Vivere oggi è un’impresa, significa lottare contro una maleducazione senza confini che prende tutti, chi ha i soldi e chi non ce li ha, che viene distribuita sotto le finestre di casa senza che alcuno si accorga di nulla, perché l’omertà è sempre a due passi e in molti casi non abbiamo più il coraggio di difendere quel poco di bellezza che ci è rimasto. La verità è che di democrazia vera se ne vede poca di giorno e scompare definitivamente la sera, quando il buio protegge l’azione malvagia di chi ha bisogno dell’oscurità per portare a termine le proprie bravate. E nel frattempo il mondo dorme, non solo, se lo svegli ti risponde di lasciarlo dormire perché non vuole avere rogne.

Certo dall’Europa abbiamo sicuramente qualcosa di importante da imparare, qualcosa che si lega al senso civico, all’amore per la propria terra, al rispetto per le persone, alla bellezza come ordine e pulizia, al senso del dovere. D’Azeglio aveva capito tutto, si era reso conto che non sarebbe bastato mettere tutto a disposizione, ma bisognava insegnare alle persone a essere responsabili di quel tutto, di agire in modo virtuoso.

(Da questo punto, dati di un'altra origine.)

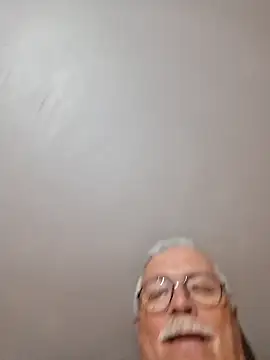 NawtyB1965 online show from 04/02/26, 04:08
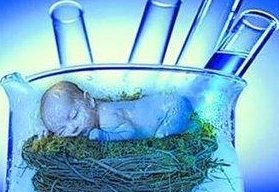 柬埔寨试管哪里做的好？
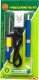 Blow 5222# Lutownica  zd-920b 30w (zestaw) 1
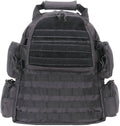 Black Sling Bag J96095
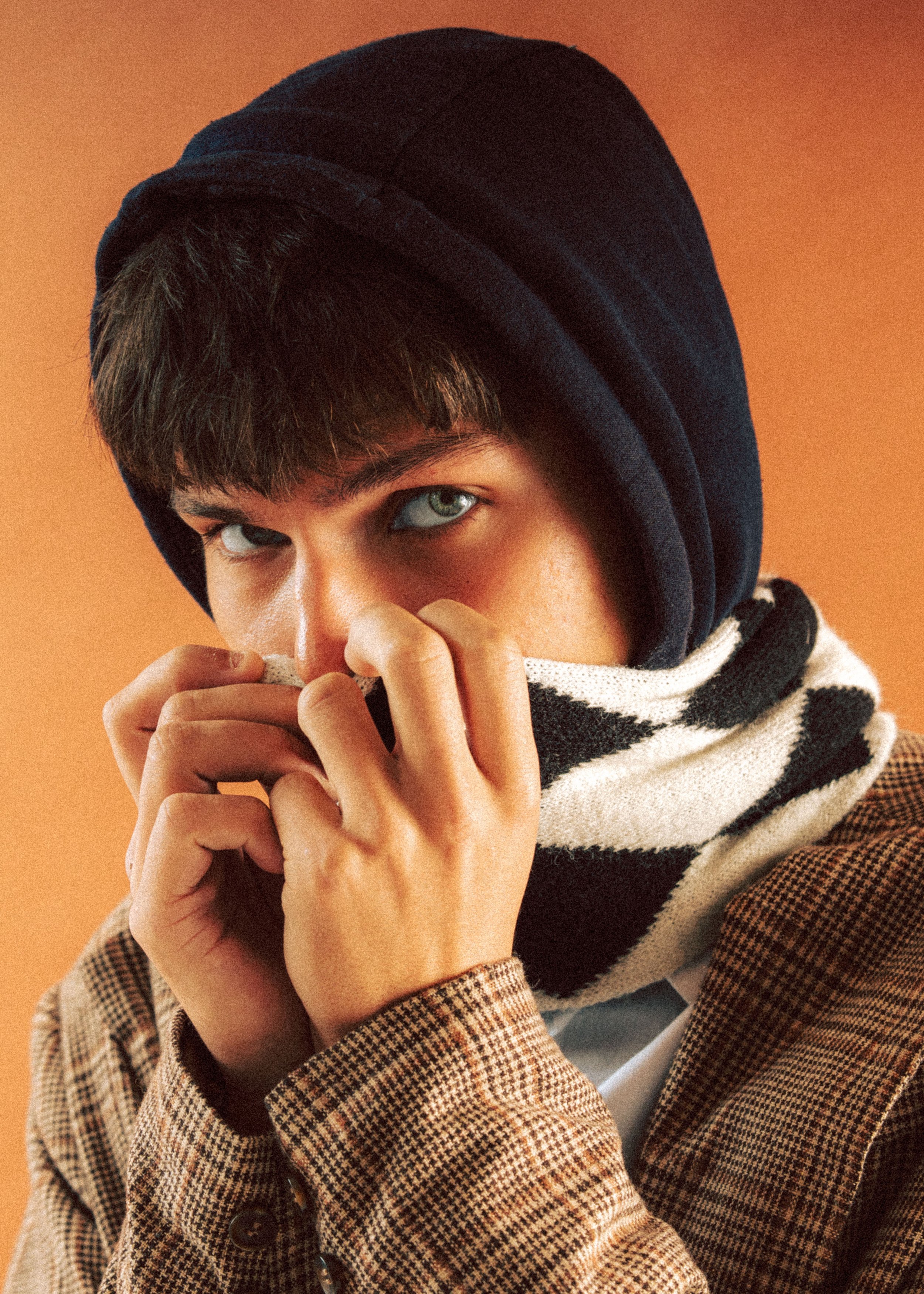 07.10.24 FADBOYS-3791.jpg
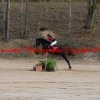 CCE de Meaux
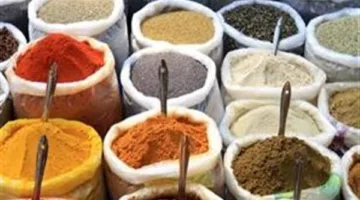 خبير يُنبه: 3 توابل شائعة قد تؤثر سلبًا على فعالية أدوية حيوية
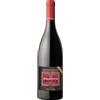 Castelfeder Burgum Novum Südtirol - Alto Adige DOC Riserva Pinot Nero 2021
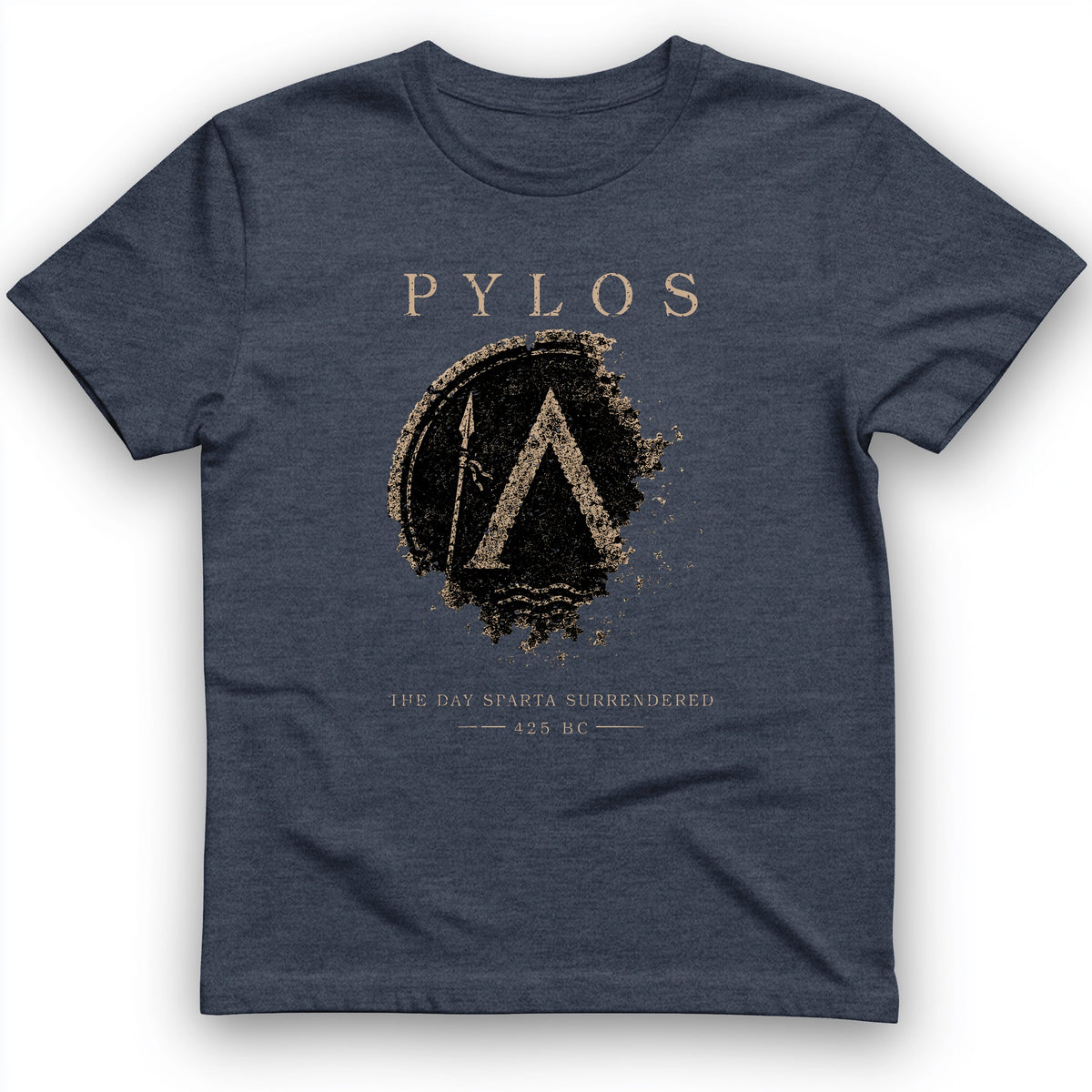 Pylos T-Shirt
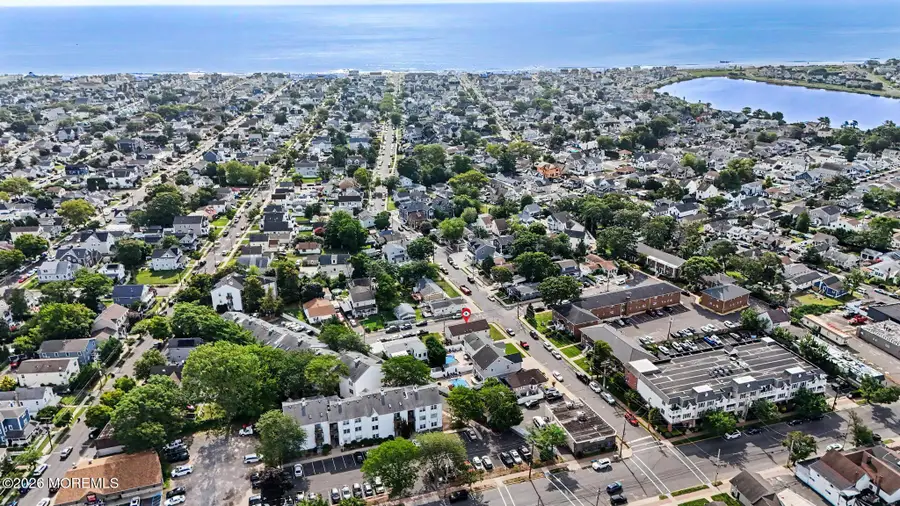 1619 E Street, Belmar, NJ 07719 - #3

Oggi siamo ancora qui alle prese con macchine più belle, più rumorose, più colorate, ma stiamo perdendo l’umanità e così le strade che ci attendono sono sempre più piene di buche, dossi, sono sempre più sporche, sempre meno curate. L’improvvisazione si è sostituita alla pianificazione, si fanno le cose tanto per farle, ma senza in molti casi seguire un filo logico. La confusione è dentro di noi, la verità è che non siamo più capaci di capire chi sia veramente quella comunità nella quale abbiamo avuto la fortuna di nascere e di crescere, chi sia quel prossimo che cerca di farci aprire gli occhi, perché la nebbia è sempre più estesa e rende davvero più difficile capire chi siamo, cosa facciamo, che cosa dobbiamo fare per dare un senso compiuto alle parole che diciamo, ma alle quali dimentichiamo di aggiungere l’educazione come simbolo della nostra vita comunitaria.